The Royal Opera House live relays are making a welcome return to the Covent Garden piazza following the success of their revival last summer, made possible by the generous sponsorship of BP. This three-year sponsorship scheme has already brought three operas and now the very first ballet live from the main stage of the ROH into the piazza. An estimated 5,000 people enjoyed the free performance of Tchaikovsky's timeless ballet, Swan Lake which was broadcast onto a huge screen supplied by Screenco. The complex audio requirements were provided by Dobson Sound who have worked with the Royal Opera House on several previous occasions during the period of its refurbishment.

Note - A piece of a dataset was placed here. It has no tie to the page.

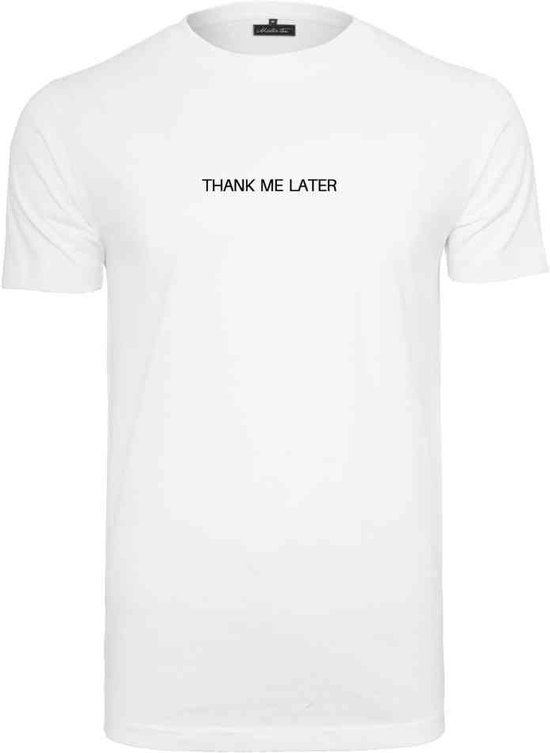 Mister Tee - Thank Me Later Heren T-shirt - XS - Wit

The system that was put in place for the Swan Lake relay was the result of collaboration between Paul Dobson and Eric Presley, Head of Sound for the ROH. Presley mixed the sound in the ROH and sent the feeds out to the piazza, and on this occasion wanted a system that would incorporate an element of surround sound for a fuller ambience, so he and Dobson designed it accordingly. The main system, which was all d&b, comprised a C7 top and sub either side of the stage for screen sound and three delay positions down either side of the piazza, each with an E9 mid/high cabinet over a C7 sub for the main programme material. BSS TCS804s and Klark Teknik DN410s provided system time alignment and EQ respectively, while a 24-channel Midas Heritage 1000 ran front-of-house. "We had to have masses of delay and time alignment on the system to compensate for the inherent delay in the video signal," said Dobson. "We took VT from Screenco and a BBC OB truck which was there to provide facilities to relay the video although the event itself was not broadcast." There was also a live element to the show when Deborah Bull, herself a principal ballerina with the Royal Ballet, brought out all the dancers of Swan Lake to take a curtain call on the stage beneath the great screen. Shure SM58s were on hand to deal with all of the live presentations onstage.

The surround sound element came from an E3 placed at each of the delay positions plus a further pair of E3s at the back. Paul Dobson commented: "We were really pleased with the surround sound effect. It was very subtle; not something necessarily to be noticed in its own right, but you noticed the difference without it. Eric deployed a highly complex system of microphones within the Royal Opera House in order to derive the signal for the surround sound, and the result was much greater depth and richness. We were pleased with the quality of the sound overall, achieving extremely even coverage from front to back of the piazza, but there is no doubt that the surround sound added an extra dimension. It really brought a sense of the Opera House outdoors."